La Suprema Corte ha ritenuto di accogliere il ricorso del socio minoritario ricordando che sussiste abuso di maggioranza, con chiare conseguenze sull’annullabilità della delibera con la quale esso si è espresso, ogni volta che il voto dei soci di maggioranza non è giustificato da un interesse della società, bensì persegue un interesse personale contrario a quello sociale, oppure se sia intenzionalmente volto a provocare la lesione dei diritti di partecipazione e degli altri diritti patrimoniali spettanti ai soci di minoranza che possono esercitare singolarmente (Cass. n. 27387/05; Cass. n. 15942/07; Cass. n. 15950/07; Cass. n. 23823/07; Cass. n. 20625/20; Sez. Un. n. 2767/23).
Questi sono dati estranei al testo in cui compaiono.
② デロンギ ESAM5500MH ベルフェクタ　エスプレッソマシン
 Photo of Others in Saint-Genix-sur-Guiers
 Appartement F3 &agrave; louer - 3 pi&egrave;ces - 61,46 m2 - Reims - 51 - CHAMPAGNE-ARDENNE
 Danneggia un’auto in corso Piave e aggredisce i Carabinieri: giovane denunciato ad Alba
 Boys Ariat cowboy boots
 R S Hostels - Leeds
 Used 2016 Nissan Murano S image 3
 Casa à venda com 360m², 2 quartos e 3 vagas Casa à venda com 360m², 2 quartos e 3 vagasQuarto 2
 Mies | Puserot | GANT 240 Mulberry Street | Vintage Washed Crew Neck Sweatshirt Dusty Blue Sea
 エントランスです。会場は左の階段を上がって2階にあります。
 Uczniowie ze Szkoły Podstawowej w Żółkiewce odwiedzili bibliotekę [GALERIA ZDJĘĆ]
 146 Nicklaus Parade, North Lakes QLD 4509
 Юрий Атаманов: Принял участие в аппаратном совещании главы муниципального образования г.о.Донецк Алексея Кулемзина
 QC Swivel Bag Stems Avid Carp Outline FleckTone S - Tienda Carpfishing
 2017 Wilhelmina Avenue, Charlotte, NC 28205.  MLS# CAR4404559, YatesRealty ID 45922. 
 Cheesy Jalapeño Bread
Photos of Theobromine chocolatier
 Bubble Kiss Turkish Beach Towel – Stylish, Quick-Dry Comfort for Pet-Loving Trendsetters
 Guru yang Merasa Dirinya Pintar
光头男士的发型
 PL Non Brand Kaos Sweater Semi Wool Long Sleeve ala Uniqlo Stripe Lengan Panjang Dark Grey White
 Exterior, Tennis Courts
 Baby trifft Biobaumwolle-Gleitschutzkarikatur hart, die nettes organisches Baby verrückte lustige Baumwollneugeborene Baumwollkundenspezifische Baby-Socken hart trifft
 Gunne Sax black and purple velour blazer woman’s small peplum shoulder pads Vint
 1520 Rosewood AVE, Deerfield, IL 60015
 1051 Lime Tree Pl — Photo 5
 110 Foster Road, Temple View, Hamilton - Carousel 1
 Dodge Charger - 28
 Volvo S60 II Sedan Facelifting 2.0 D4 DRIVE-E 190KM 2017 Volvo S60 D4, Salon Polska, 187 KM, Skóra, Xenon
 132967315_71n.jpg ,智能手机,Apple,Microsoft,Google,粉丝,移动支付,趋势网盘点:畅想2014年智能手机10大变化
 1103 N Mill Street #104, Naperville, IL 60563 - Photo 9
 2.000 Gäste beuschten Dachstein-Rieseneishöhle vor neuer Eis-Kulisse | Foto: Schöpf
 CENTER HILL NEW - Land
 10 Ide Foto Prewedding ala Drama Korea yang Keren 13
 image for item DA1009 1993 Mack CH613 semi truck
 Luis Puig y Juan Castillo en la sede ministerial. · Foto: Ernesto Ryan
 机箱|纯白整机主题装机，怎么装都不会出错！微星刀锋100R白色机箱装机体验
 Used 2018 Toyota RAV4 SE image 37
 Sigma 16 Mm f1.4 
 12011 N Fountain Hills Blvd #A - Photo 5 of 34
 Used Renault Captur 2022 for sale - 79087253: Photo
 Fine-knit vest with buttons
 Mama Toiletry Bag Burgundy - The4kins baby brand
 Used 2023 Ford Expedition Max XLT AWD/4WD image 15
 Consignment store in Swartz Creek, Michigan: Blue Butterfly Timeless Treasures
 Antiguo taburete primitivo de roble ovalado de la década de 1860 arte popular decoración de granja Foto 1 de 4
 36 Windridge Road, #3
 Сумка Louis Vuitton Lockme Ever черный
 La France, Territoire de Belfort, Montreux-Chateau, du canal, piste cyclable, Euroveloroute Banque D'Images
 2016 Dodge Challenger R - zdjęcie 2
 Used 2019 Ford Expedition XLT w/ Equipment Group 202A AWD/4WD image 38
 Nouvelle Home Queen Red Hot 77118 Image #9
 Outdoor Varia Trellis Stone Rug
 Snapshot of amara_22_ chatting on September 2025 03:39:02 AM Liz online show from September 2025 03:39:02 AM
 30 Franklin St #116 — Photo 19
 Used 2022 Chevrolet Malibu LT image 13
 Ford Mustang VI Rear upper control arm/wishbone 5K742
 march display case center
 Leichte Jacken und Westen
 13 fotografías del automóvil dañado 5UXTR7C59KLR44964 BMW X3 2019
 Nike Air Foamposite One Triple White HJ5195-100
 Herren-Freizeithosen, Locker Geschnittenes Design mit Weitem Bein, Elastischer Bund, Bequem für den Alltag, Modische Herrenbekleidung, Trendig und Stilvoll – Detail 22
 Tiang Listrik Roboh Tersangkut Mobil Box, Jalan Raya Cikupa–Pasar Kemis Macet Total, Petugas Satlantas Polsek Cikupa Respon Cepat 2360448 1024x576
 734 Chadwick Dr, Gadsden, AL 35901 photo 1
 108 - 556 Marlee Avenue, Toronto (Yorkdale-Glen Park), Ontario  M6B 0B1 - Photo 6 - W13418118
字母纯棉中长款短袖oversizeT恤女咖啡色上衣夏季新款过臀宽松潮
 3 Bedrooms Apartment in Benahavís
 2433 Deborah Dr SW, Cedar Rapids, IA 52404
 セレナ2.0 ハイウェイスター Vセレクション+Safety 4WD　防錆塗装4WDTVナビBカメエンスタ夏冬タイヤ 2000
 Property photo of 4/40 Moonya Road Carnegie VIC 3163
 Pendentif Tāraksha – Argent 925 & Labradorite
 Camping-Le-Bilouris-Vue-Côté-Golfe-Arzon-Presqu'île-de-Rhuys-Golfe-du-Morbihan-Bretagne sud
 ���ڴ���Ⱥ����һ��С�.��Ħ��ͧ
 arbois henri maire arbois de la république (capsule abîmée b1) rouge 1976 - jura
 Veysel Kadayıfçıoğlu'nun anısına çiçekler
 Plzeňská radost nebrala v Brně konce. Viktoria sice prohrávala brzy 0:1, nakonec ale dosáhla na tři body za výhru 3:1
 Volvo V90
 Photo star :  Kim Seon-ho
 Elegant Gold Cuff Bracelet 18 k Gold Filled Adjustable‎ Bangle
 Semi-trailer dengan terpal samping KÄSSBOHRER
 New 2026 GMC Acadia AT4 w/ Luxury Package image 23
Orbene, nel caso di specie, la Corte, accogliendo il ricorso, ha considerato che il giudice chiamato a verificare la sussistenza di una condotta abusiva avrebbe dovuto verificare se l’eliminazione della clausola di prelazione interna fosse stata deliberata a ridosso della vendita di parte della quota di un socio ad un altro, in modo che restasse solo un socio di minoranza, e se tale eliminazione fosse volta a impedire l’esercizio del diritto di prelazione, impedendo al socio di interferire con la vendita delle quote ad altro socio.